Interesting

826 48 7
                                    

By the time we got back to the shedrows, BD's coat had dried into hard curls of sweat and hair. Jack's head drooped till it touched his chest, and defeat lingered like darkness in his eyes.

Mary wasn't there- she'd stayed in Kentucky, in school. (Where I kind of sort of should have been, but my grades hadn't suffered at all. Online schooling suited me well.) So I left Jack to hold BD by the reins and scouted out the stalls for his wheelchair. I located it, waiting patiently like a pony in the third stall to the left, and wheeled it back out to the tired Thoroughbred and his equally exhausted jockey.

As Jack slipped down his side, he managed to fumble out a few words, handing them to me like an old man. "It was... my fault. I'm not strong enough to hold him back."

"You've been a great jockey until now. It was mine... I was too amped up before the race. California..." I stopped. A pang of sadness went through me, for a lost friend, for a horse that broke his heart trying. BD lifted his head slowly and touched my palm with his muzzle, too tired to ask.

Jack, too, looked up. His eyes narrowed. "What about California?"

I couldn't talk. My hand fell.

"Well, if we're blaming your feelings for this, we might as well blame mine too. My father- he called."

"What did he want?" I asked too quickly, too sharply, and BD tossed his head, eyes flaring with light before he resettled, shaking slightly.

Jack's laugh was a humorless one. "Money. What else? I don't want to talk about it- go get that horse settled. We have a long drive back."
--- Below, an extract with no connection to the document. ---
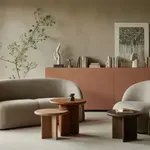 A tervezők szerint ettől a kanapészíntől nagyobbnak tűnik a nappali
He rolled away, but instead of obeying, I curled my knuckles into the coarse mane at the base of BD's withers, pressing my forehead against his shoulder. "I'm so, so tired of this," I murmured into the salt of his coat. "Just when I think I'm over her, we come back here. This was my fault. If I was calmer, if I was just done mourning, I could've stayed focused for you."

BD didn't respond, but he shifted his feet, tipping his head slightly to look behind me.

So I did, too.

Wes stood there, with a frown and a Thoroughbred. The young horse danced, fresh and unspent, as she met my gaze. Dark hair curled around her face, tossed by the wind, as her frown turned into a not-smile. "Interesting," she said.

Interesting.

*****

"BD's not eating," I reported. Willifred looked up from his donut and met my concern with a shrug.
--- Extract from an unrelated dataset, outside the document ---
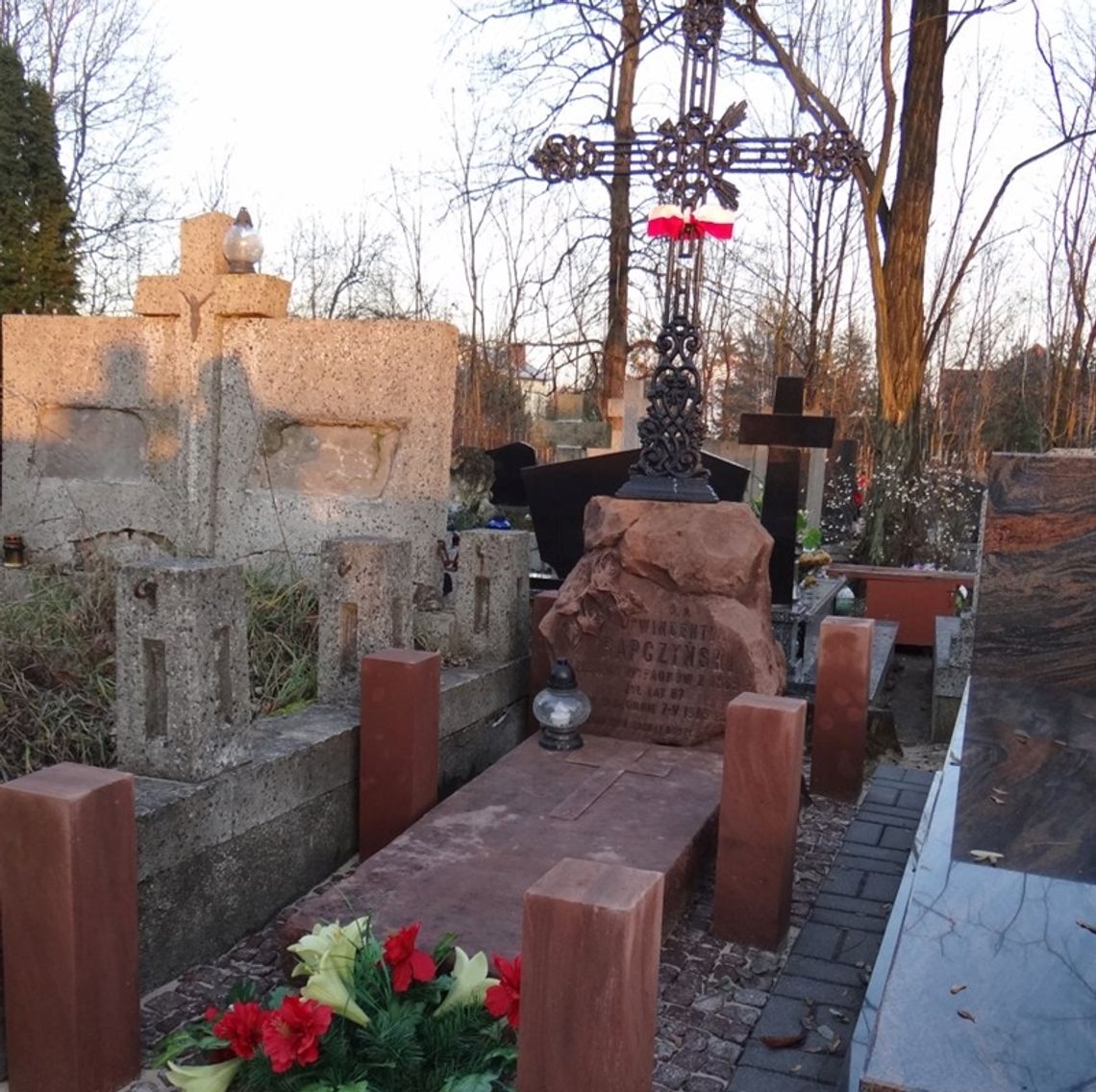 JABŁONNA. Odrestaurowali mogiłę Wincentego Rapczyńskiego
"A lot of horses don't eat after a race. Not like that. They're too tired."

"Well, but-"

"Is he drinking?"

Usually after a race, BD would down a bucket and a half of water before even slowing. Today he'd only managed a quarter. I shook my head.

Willifred sighed. "There's not much we can do about it."
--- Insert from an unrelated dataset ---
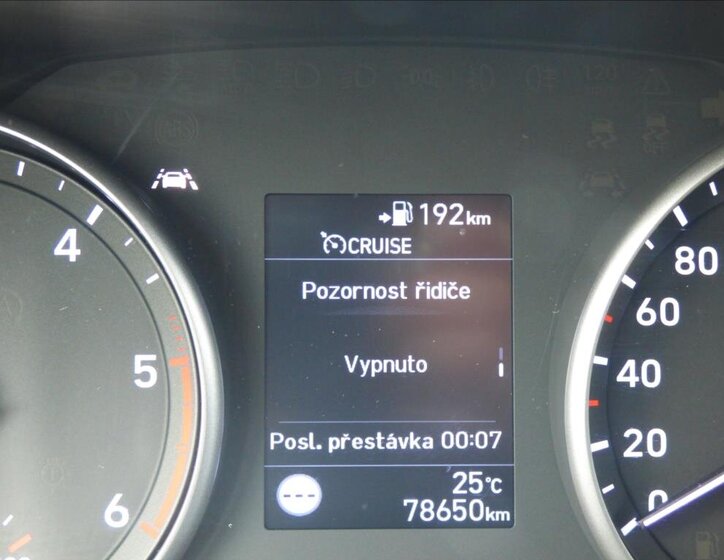 Hyundai i30 Liftback 1,6 l 100 kw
We stood- well, I stood, Willifred sat- in a little cafe near the track. The trainer had called a meeting there with Jack and Lilac as soon as the horses were comfortable in their stalls, and it seemed like everybody had had the same idea. People crowded into nearly every booth, spilling across the bar counter and laughing with the waitresses. Conversations about race statistics trickled through the air to meet us.

"Can't you give him something to make him feel better?"

Willifred met me with a level gaze. "Nothing legal."

I bit my lip and glowered out the window, a sweeping cascade of glass down the clean wall of the café. California mountains glowered back. My feet, my heart, missed good old Kentucky dirt. Everything had been fine in Kentucky. My horse hadn't been trembling from exhaustion in Kentucky.